Giving children a good financial education and making private economy a natural part of everyday life isn’t just something that Lofsan advocates but is also something she is very good at.

In this blog we share our recent interview with Lovisa Sandström where she tells us her best tricks to making everyday life go smoothly without jeopardizing exercise, homework, house chores or quality time with the family!

It was a recent sunny day when Gimi got the chance to sit down and talk to Lovisa Sandström, better known as Lofsan, on their family terrace (outdoor gym) in Södermalm, Stockholm. Handling children's pocket money, managing the family finances and managing the ‘everyday’ together were just some of the topics we spoke about, but we found ourselves delving deeper into how exactly we should be letting kids grow both mentally and emotionally. A subject area that sits close to Lovisa’s heart.
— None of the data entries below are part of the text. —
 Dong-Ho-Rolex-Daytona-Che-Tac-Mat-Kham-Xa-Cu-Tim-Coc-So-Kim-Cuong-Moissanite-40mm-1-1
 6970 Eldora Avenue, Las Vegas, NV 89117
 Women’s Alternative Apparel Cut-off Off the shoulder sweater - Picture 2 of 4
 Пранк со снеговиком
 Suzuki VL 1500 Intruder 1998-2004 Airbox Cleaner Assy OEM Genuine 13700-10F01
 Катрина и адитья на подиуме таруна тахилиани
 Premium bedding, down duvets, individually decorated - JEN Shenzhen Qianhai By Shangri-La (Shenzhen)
This blog, in partnership with Lovisa will give you inspiration about how easy it can be to give your children economic practice through your simple everyday activities. We also hope that Lovisa's tips will come in handy for you and the family this summer. Enjoy the read!
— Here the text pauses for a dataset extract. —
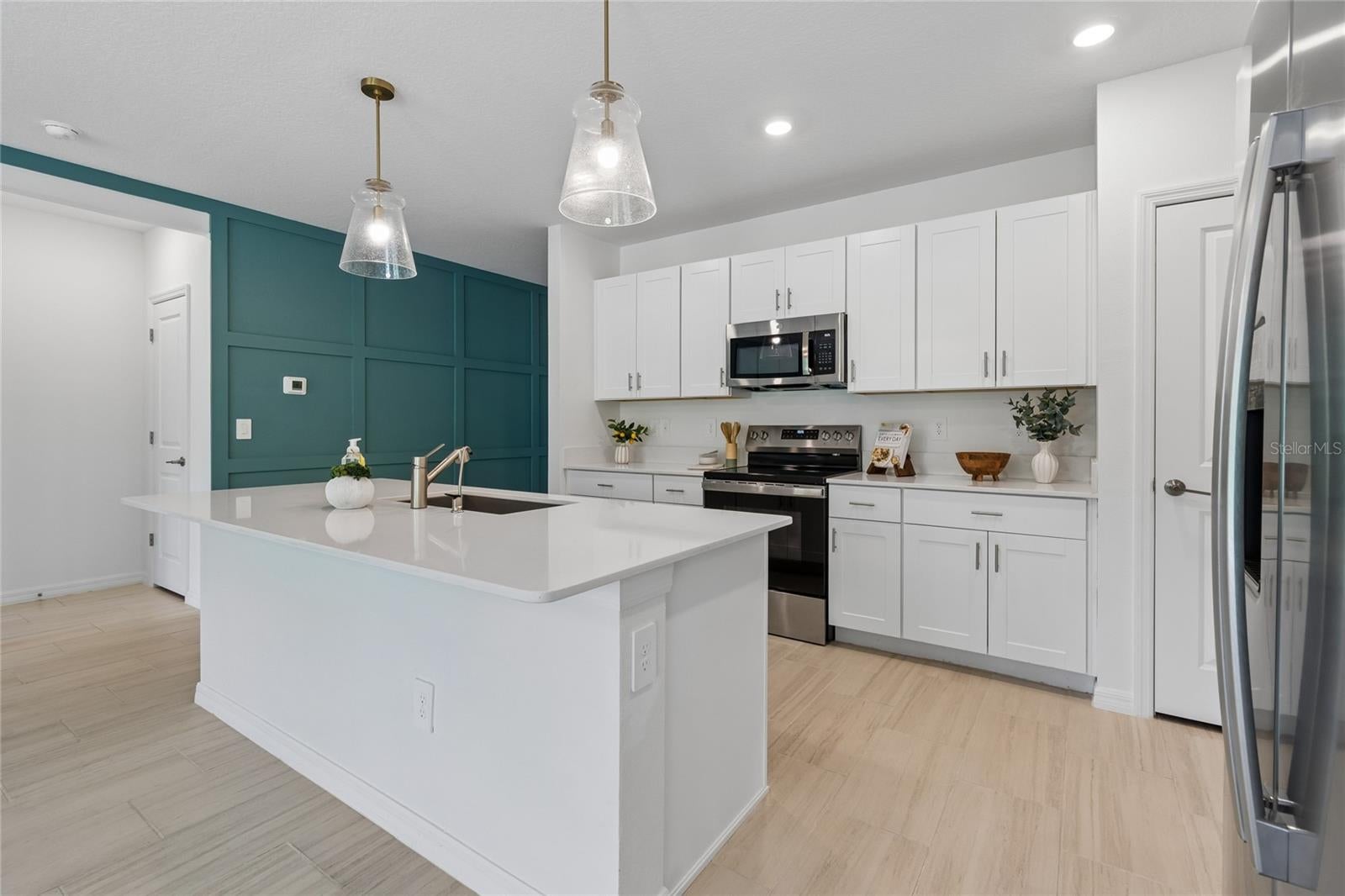 10065 Gentle Rain Dr, Land O Lakes, FL 34638 photo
How to keep your promise to the children when it comes to money

The Renman/Sandström family started using Gimi about six months ago and Lovisa explains that she quickly realized that Gimi was something that all children should know about. As a parent, she found it a wonderful feeling to introduce financial education through an app that the children themselves wanted to use. In actual fact, it was the children who were driven to download the Gimi app, and as soon as it came in place she was pleasantly surprised by how good the experience was as well.

“Now we can no longer say that 'you get money next week when we have cash', now we just transfer the money in the Gimi app right away which is very smooth. In that way it becomes more orderly and the kids get the money they deserve, which feels good.”

Before Gimi, Lovisa’s sons Baxter and Sixten had no recurring weekly or monthly allowance especially as Lovisa nor husband Hans rarely carry cash in their pocket. However, sometimes they used pocket money as a threat or promise for increased or decreased weekly allowance, but in the absence of cash, this became the empty threat and promise, which diminished trust between them. Lovisa has a big smile on her face when she says that thanks to Gimi the trust is now restored in the confidence that digital payments hold the promise.

Lofsan's 10 tips for children’s financial education and pocket money management

1. See personal finance as training - focus on the goal instead of the chore

As the health profile Lovisa is, she sees many similarities between physical training and personal finance and she likes to geek-out on both! Motivation to her is about focusing on the goal rather than the effort itself. She therefore tries to support her children by talking more about the savings goal, such as the snowboard that her son Baxter is saving for, and less about the task of going to the recycling center and sorting the garbage. Just as she motivates her customers in the training she does.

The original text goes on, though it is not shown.